The bigger trouble is the problem of liquidation of local state-owned asset sectors related to local financing platforms. The debt of a large number of urban investment companies is essentially the debt of local governments, which should be systematically liquidated, and all kinds of assets, including local state-owned enterprises, should be disposed of in a market-oriented manner to repay the debt, even with reference to the case of debt restructuring of the United States municipal government of Detroit, and some of the local governments themselves should be downsized and slimmed down. After creditors have fully exercised their power of debt restructuring and bankruptcy liquidation, debt write-downs can be made if repayment is really impossible. In the process of market-based disposal of assets, the highest bidder who is also the most efficient buyer gets the right to use the resources, which of course brings about an increase in the productivity of society as a whole.
However, some cases of debt restructuring that have emerged in reality carry the risk of creating zombie enterprises. For example, under local intervention, the real sector with urban investment companies and local state-owned capital did not make any adjustments, but simply asked financial institutions to lengthen the term of the loan, reduce the interest rate on the loan, and realize the debt roll-over. The essence of this is to implement subsidies for inefficient sectors. The income before interest and taxes can not repay the interest, the need for subsidies to survive the enterprise is the basic definition of "zombie enterprises".
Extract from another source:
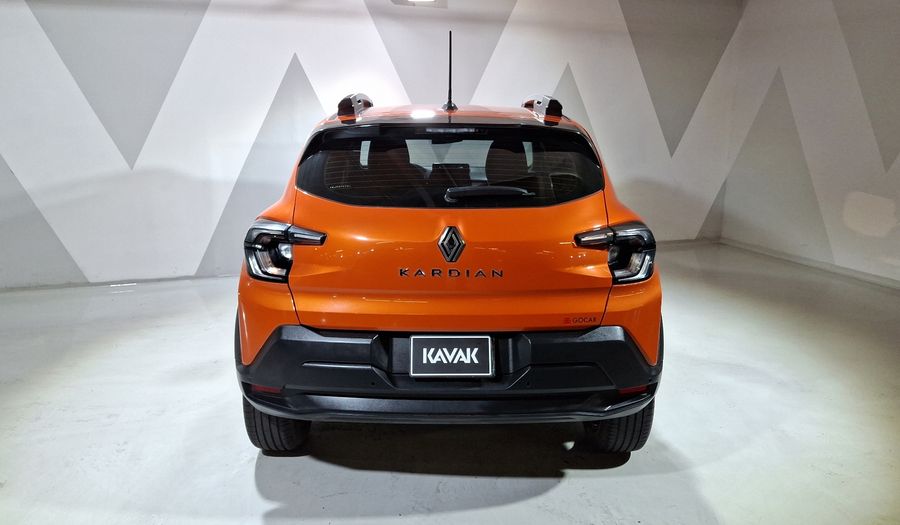 Renault Kardian 1.0 TECHNO DCT Suv 2025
I think, in the real estate market has experienced a deep adjustment and the old reliance on real estate-driven economic growth model has been irretrievable after the policymakers need to break the resolve of a strong man, the courage to break the boat, break the barriers of thought, to overcome the obstruction of the interest groups, to promote China's economy to fully clear. Do not make Japan's lessons for China to become "the Qin people do not have time to mourn themselves, and the next person to mourn; the next person to mourn and not learn from it, but also to make the next person and the next person to mourn the next person also" situation.